Well I am back in the groove of looking for a job. I have contacted three people who had previously contacted me regarding jobs (I had said I had a job) and one of them so far would like to setup a phone interview for Monday. YEAH!! It’s not exactly what I want to do, but it’s a Security-related company, so it’s going in the right direction.
I’m still very, very down about this whole situation, and I slept like shit. I got obsessed in the middle of the night with the idea of suing this contracting company for lost wages and pain and suffering, and I got so worked up that I had to get up for awhile. Interrupted sleep is not good for us people with Bipolar, as you know, so I’m feeling a bit fragile today. But I am determined to spend the day looking for another job, so I can go into the weekend feeling like I have some new irons in the fire. UPDATE: After a couple of hours, my willingness is flagging. I have applied for *one* job. Oh holy angels, help me!

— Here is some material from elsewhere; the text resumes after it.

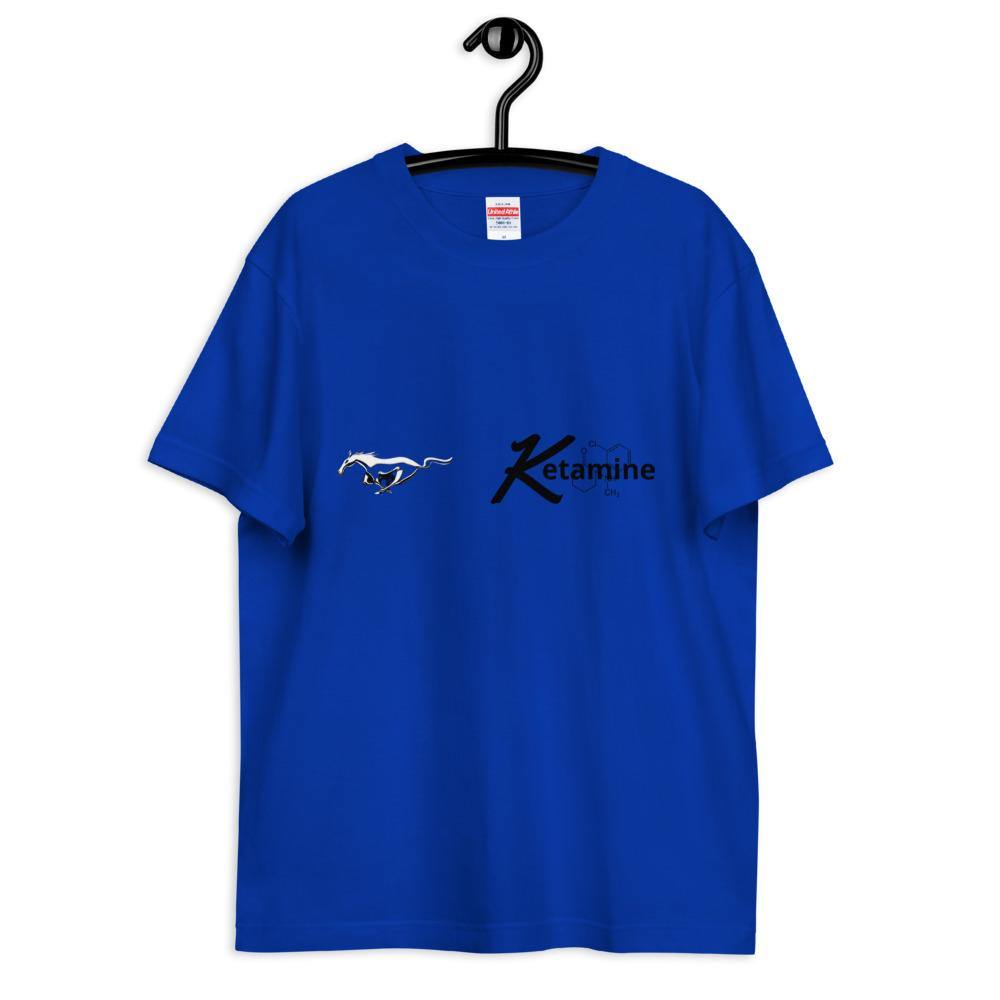 Ketamine T-Shirt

I just tried to apply for a Desktop Support job, and when I got to a question about why I am uniquely qualified for the job, I just said “fuck it” and closed the window. Should I start drinking now???
I don’t know why life is testing me like this, and why things can’t just be smooth, I guess it’s just how life goes sometimes. But I am NOT joyful. I need to just focus on moving on, NOT on suing the contracting company. I don’t want to get caught up in all of that negativity and stress. That’s just something my frustrated brain came up with in the middle of the night. I think about Hustler, and how grateful I am that I didn’t get that job, and maybe someday I’ll be grateful that I didn’t get this job, because there’s something better out there for me. That’s what I’m hoping for.
Hope you all had a good week. Fall is here in Colorado, it’s supposed to get chilly and rain all weekend, bleh! Peach out homies! BPOF!